Collar styles play an integral part in how people perceive your face. For people with long and narrow faces a collar that has a wider spread is ideal. For those with round faces a collar that doesn't spread wide and has long points will offset the roundness.
The trend these days is a smaller collar; note, though, that these do not pair well with neckties. Neckties are usually thick and when put under a small collar will stick out. To be safe choose collars that are standard in size so you will not have problems when using neckties.
When buying dress shirts do not forget to button the collar to check if you fasten it without feeling constricted. As a rule of thumb you should be able to fit in two fingers while the top button is fastened. Remember that the constant washing and drying these shirts will undergo will make the collar shrink a bit over time so make sure to buy them with room to shrink.
Colors and Patterns
The holy grail of shirt colors are white, blue and pink. The last two colors should be of the pale variety to maximize versatility. If we look at these three colors you will notice that they will more often than not pair with almost any color or style of necktie out there. These three colors also work well with navy or gray suits. Common patterns such as narrow vertical stripes and small ginghams are good options for variety.
Dress shirts are worn tucked in therefore should be long enough that it covers the buttocks. Shirts that are short in length are only a nuisance as one needs to constantly tuck them in throughout the course of the day.

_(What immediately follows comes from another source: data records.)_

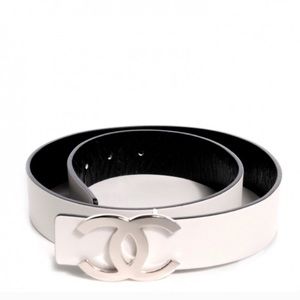 Authentic CHANEL Reversible Black & White Belt!
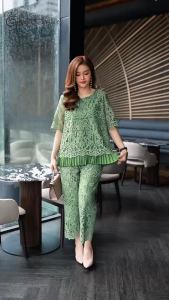 Cutie Minute อก ฟรีไซส์ 46" เอว ยางยืดรอบเอว 28"-44" Set)ชุดเซ็ทลูกไม้เนื้อหนาเกรดพรีเมี่ยม เลือกใช้ลูกไม้ลายเชิงทั้งชุด ลายลูกไม้สวยมากคะ ดีเทลแต่งด้านในด้วยผ้าอัดพลีทสีเดียวกับชุดสวยหรู ดูดี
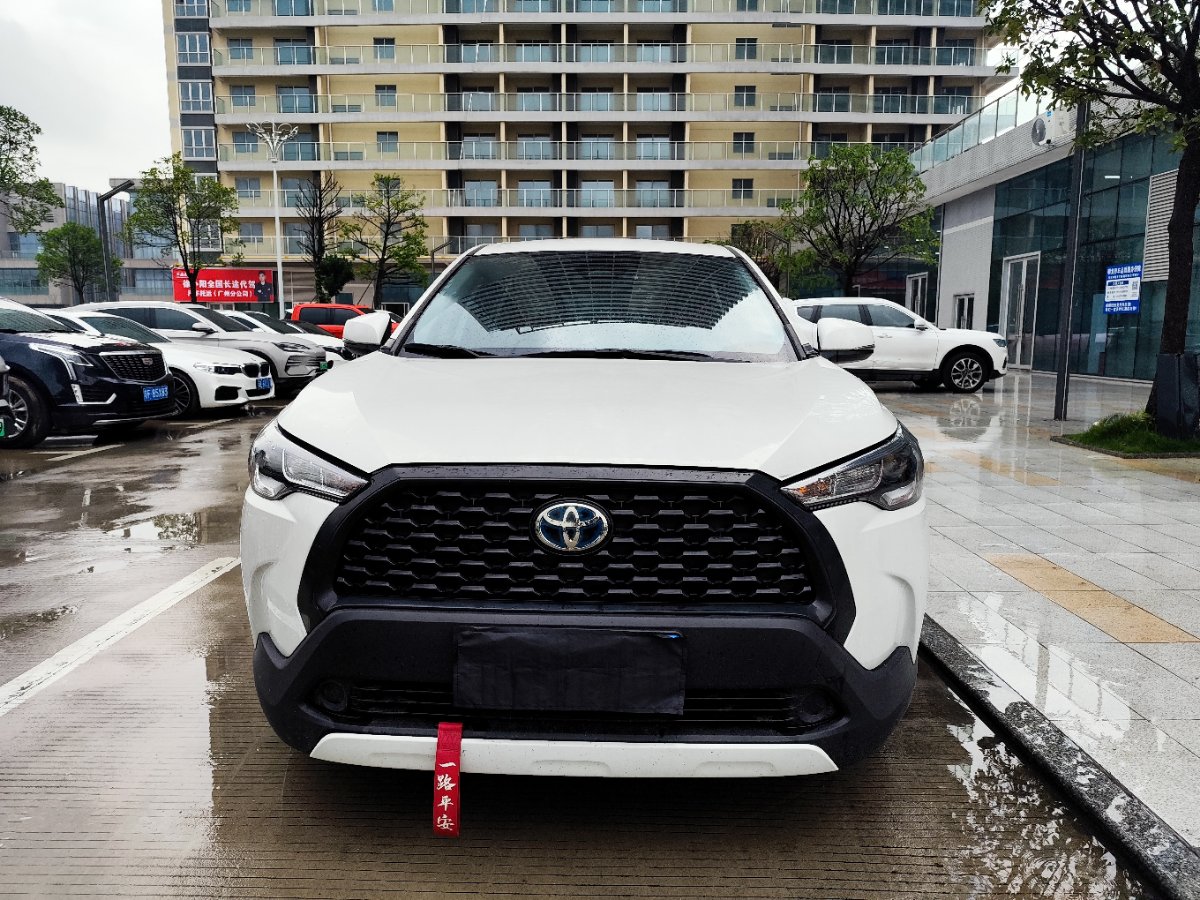 Toyota Corolla Cross 2024 immagine di auto #2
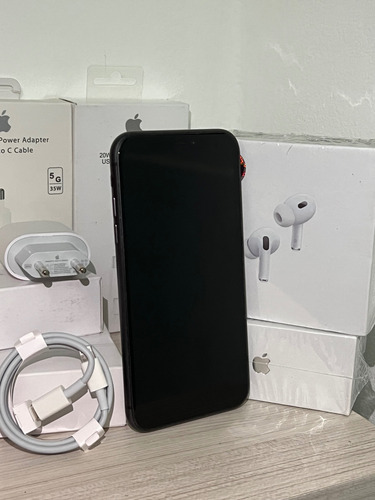Iphone 11 (64 Gb) + Cargador Apple Original Negro (Usado)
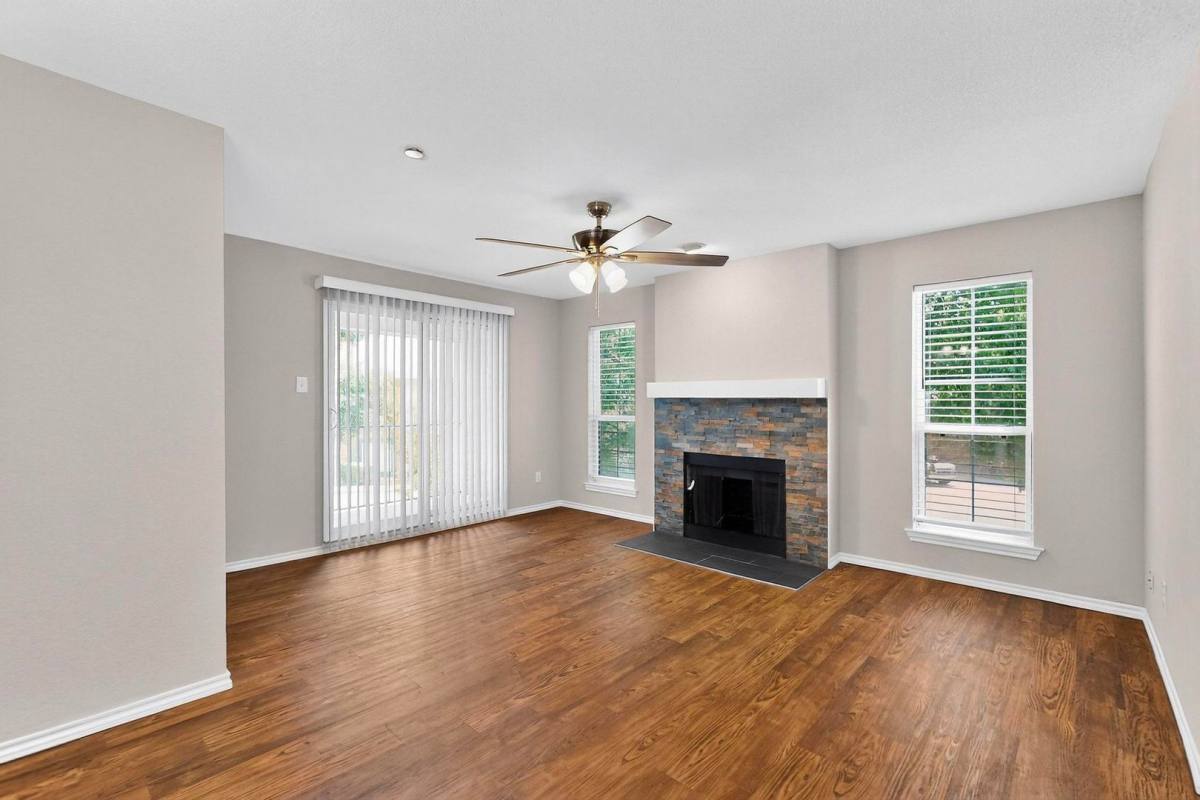 House for rent at 5806 Marvin Loving Dr, Garland, TX 75043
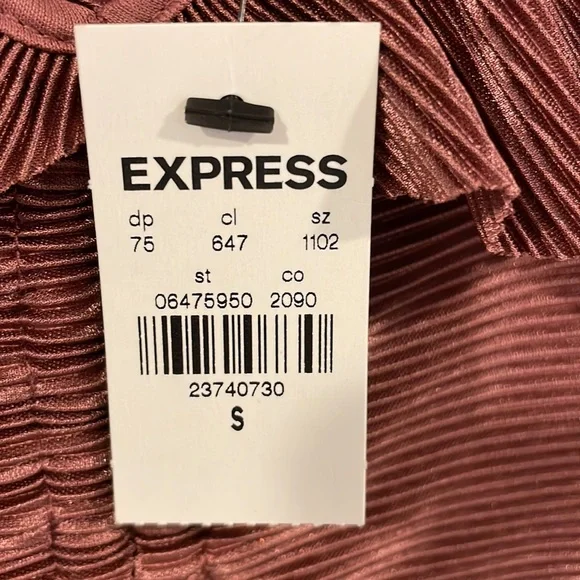 Express Ruffled Top - Picture 7 of 8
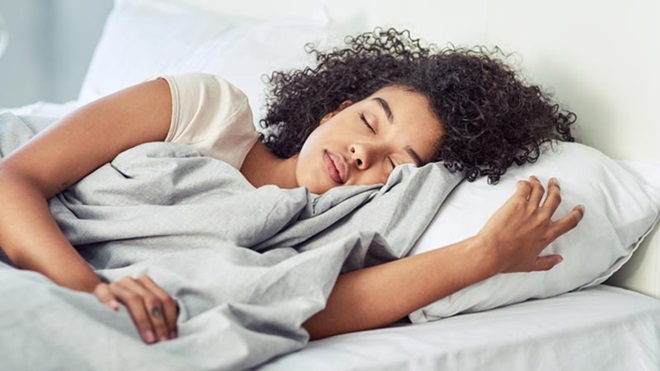 mulher a dormir na cama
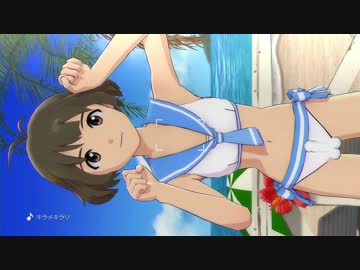 セーラーミズギの中に魚肉ソーセージといなり寿司を仕込む秋月涼さん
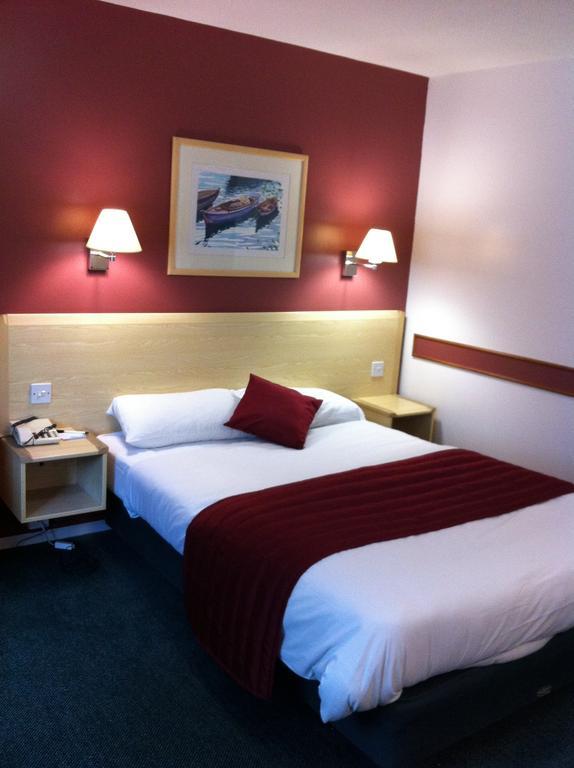 Days Inn Hotel Bradford - Leeds Бригхаус Стая снимка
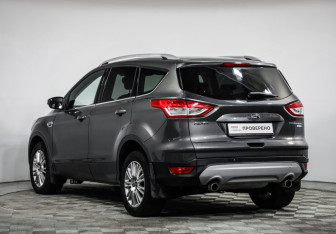 Подержанный автомобиль Ford Kuga 2015 года (7 фото)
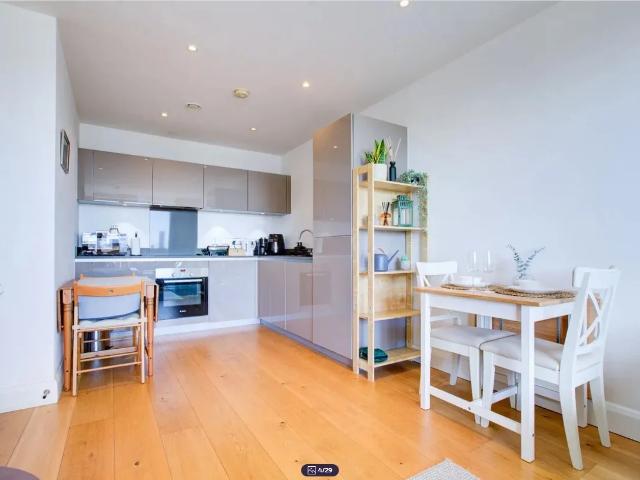 Flat for rent in Bromley-by-Bow, Poplar Grove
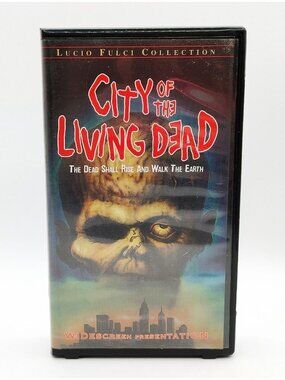 City of the Living Dead (VHS, Widescreen Clamshell) 2000 Anchor Bay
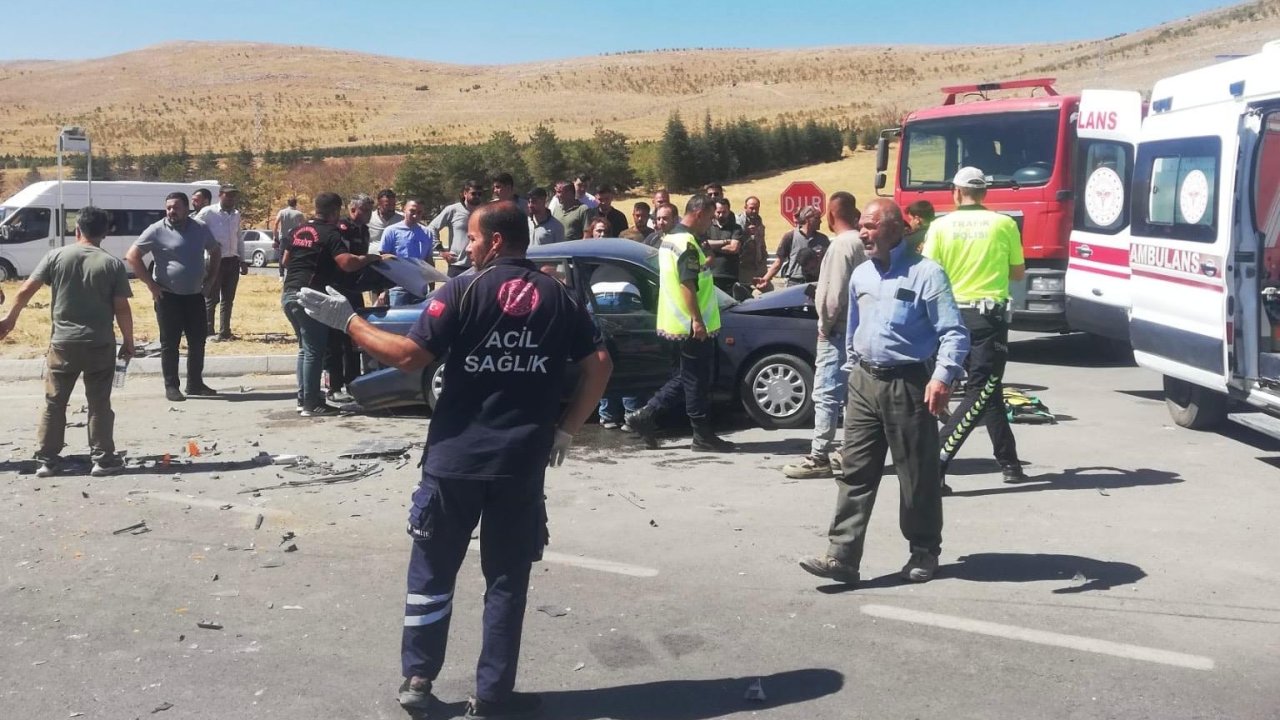 Afşin’de zincirleme kaza: 1 Ölü, 8 Yaralı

The sleeve length is something most men forget to check. It doesn't matter from the beginning but when one starts to wear suits and sport coats later on sleeve lengths will matter. Half an inch is the recommended amount of shirt cuff that should be visible when wearing a coat so the shirt should cover at most an inch past your wristbone. Here's a tip: Flex your arms to see if the sleeve stays in place. If it stays in place then you've got an ideal shirt sleeve. If you feel any pulling it's not a good fit.
A good dress shirt should be comfortably snug. It should be cut close to the body yet allow for freedom of movement and comfortable to wear all day long. Important areas to check for tightness are the shoulders, chest and waist. If these areas are too tight, consider sizing up. Consider going to a tailor if you can't find a well-fitting shirt off-the-rack.